▸ **Work item**
What you return must be the lines from the first one below through the one containing "18K Gold Dipped Heart Tennis Chain Necklace", exactly and with pictures excluded.

==============================

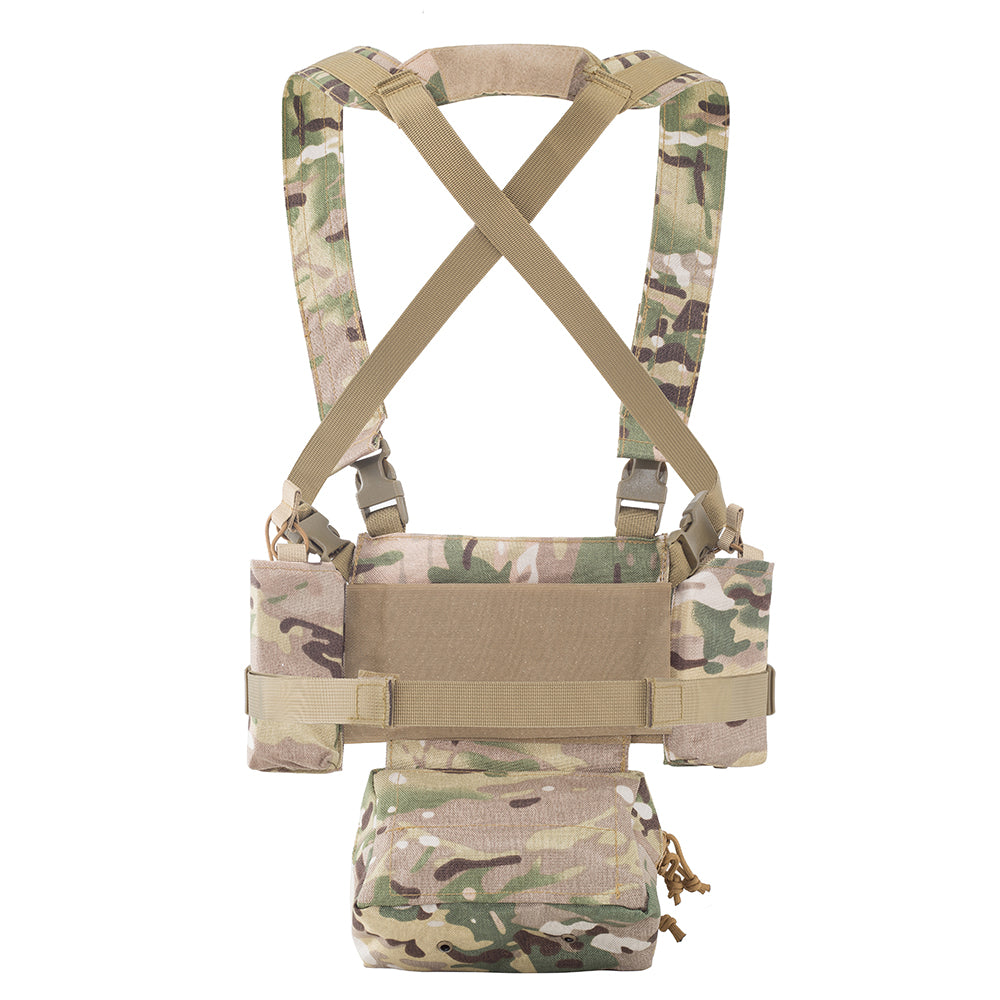 SINAIRSOFT MK3 Tactical Chest Mount Hunting Vest with SACK Bag H Strap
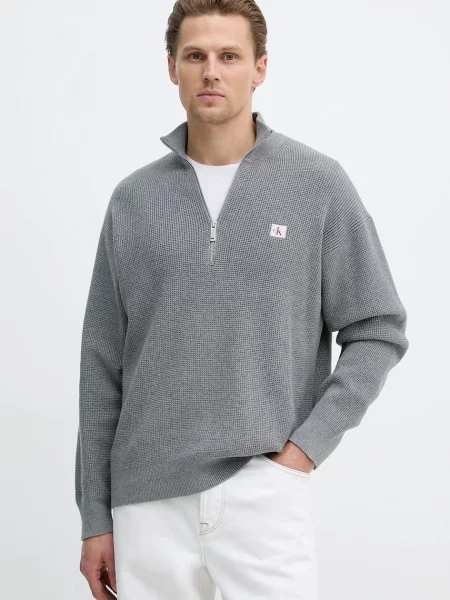 Calvin Klein Jeans pulover de gri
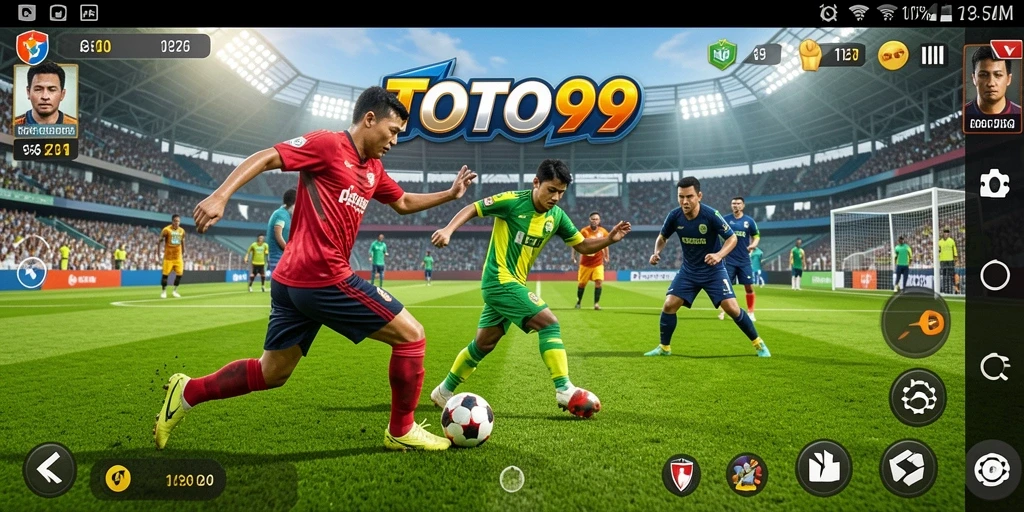 Tampilan utama gameplay TOTO99 yang menampilkan aksi olahraga seru.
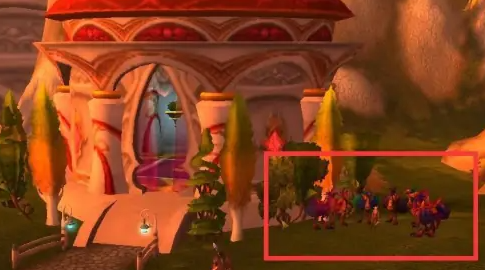 魔兽世界怀旧服银月城骑术训练师位置分享2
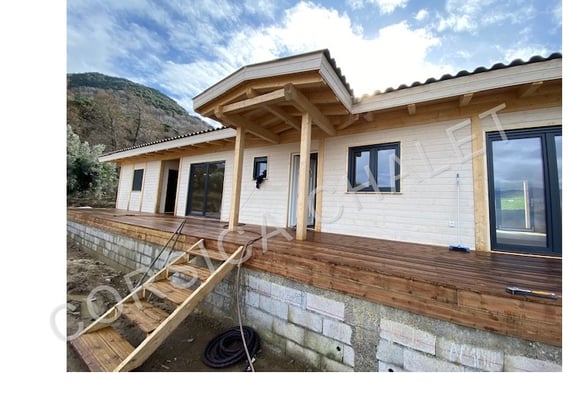 chalet en kit à vendre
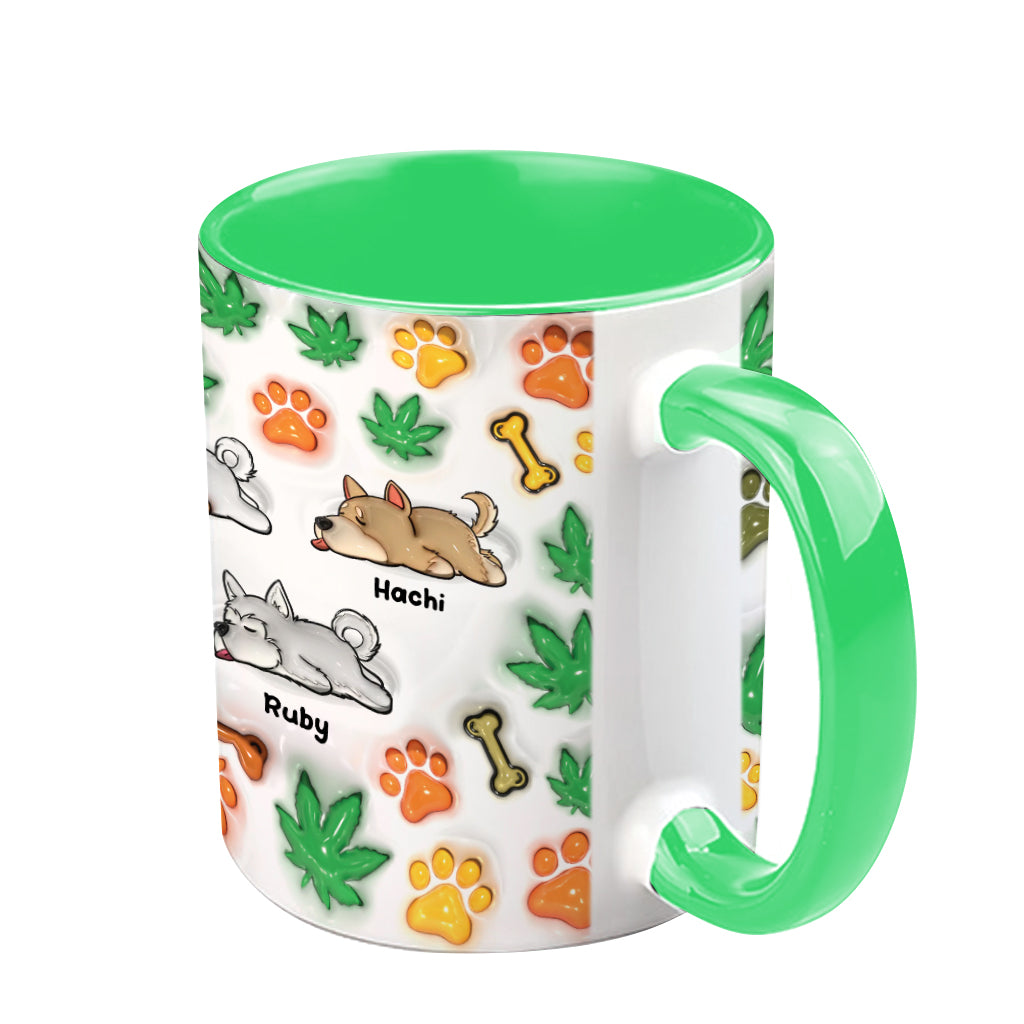 World's Dopest Pet Parent - Personalized Weed Accent Mug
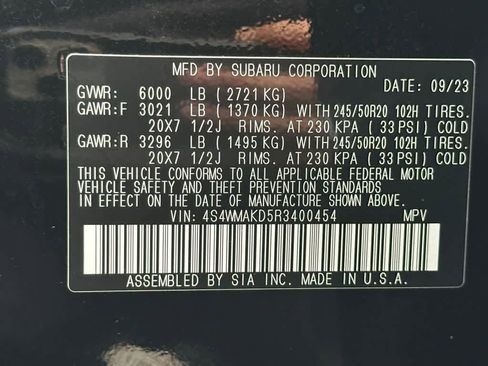 Certified 2024 Subaru Ascent Onyx Edition Limited image 22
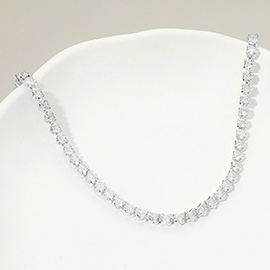 18K Gold Dipped Heart Tennis Chain Necklace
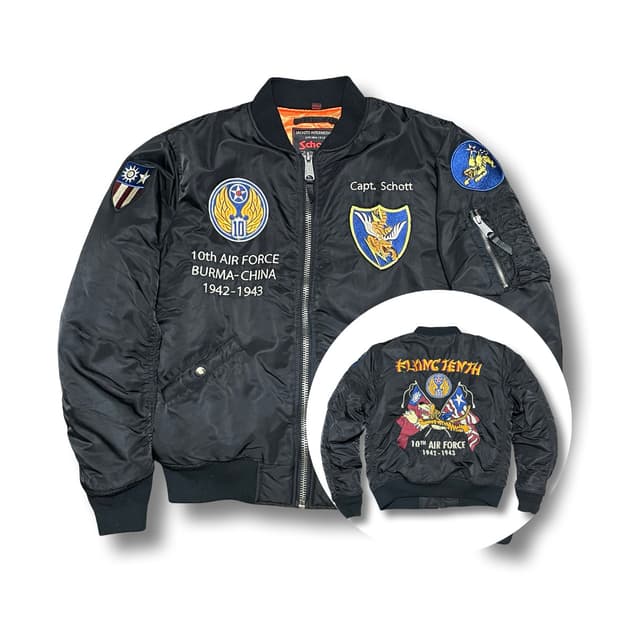[L] 쇼트 Shott 10th Air Force ma-1 항공점퍼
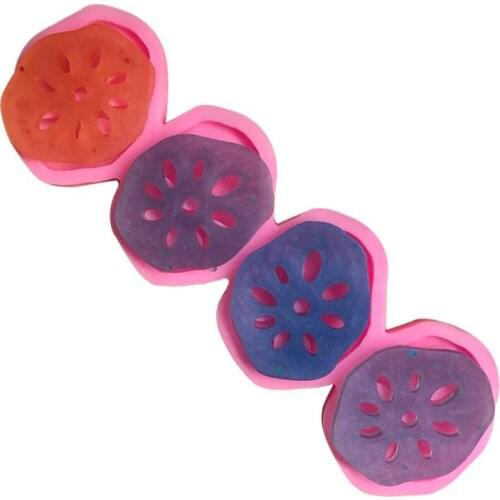 Crispy Lotus Root Slice Silicone Fondant Mould DIY Baking Cake Mold XGY-147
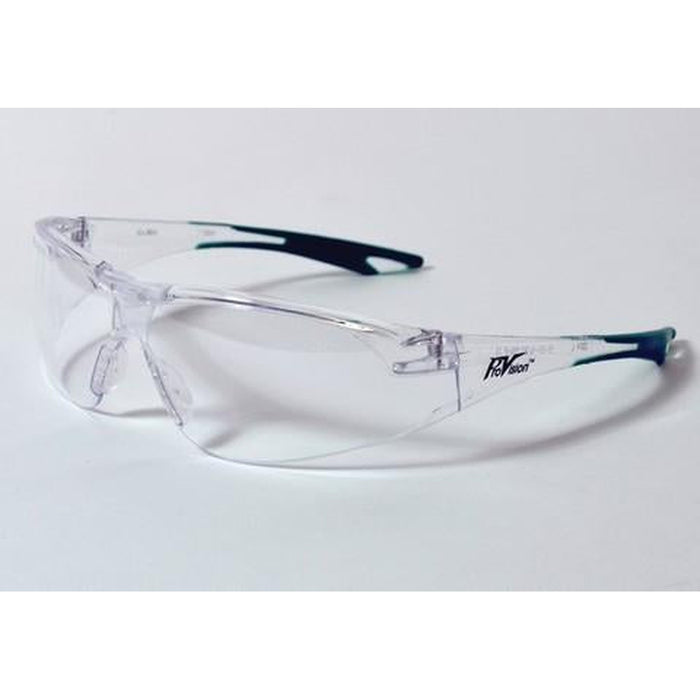 PAL3760CG - ProVision® Chic™ Eyewear, Clear Frame w/Green Tips, Clear Lens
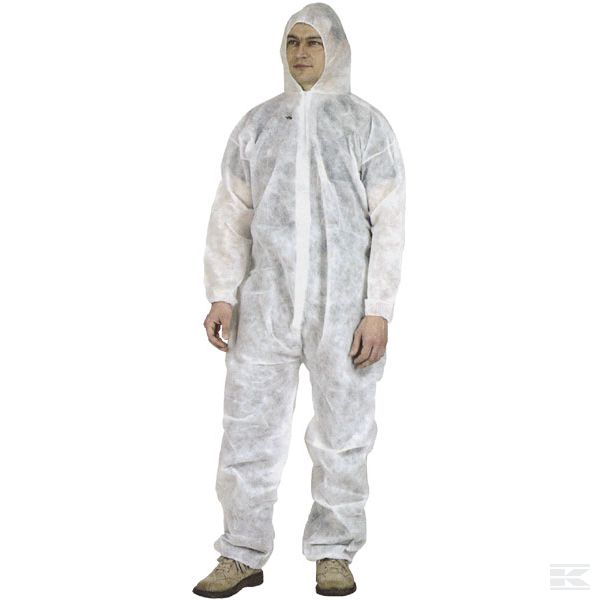 42100XXL Комбинезон SPP, белый, 2XL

==============================

▸ **Answer section**
 SINAIRSOFT MK3 Tactical Chest Mount Hunting Vest with SACK Bag H Strap
 Calvin Klein Jeans pulover de gri
 Tampilan utama gameplay TOTO99 yang menampilkan aksi olahraga seru.
 魔兽世界怀旧服银月城骑术训练师位置分享2
 chalet en kit à vendre
 World's Dopest Pet Parent - Personalized Weed Accent Mug
 Certified 2024 Subaru Ascent Onyx Edition Limited image 22
 18K Gold Dipped Heart Tennis Chain Necklace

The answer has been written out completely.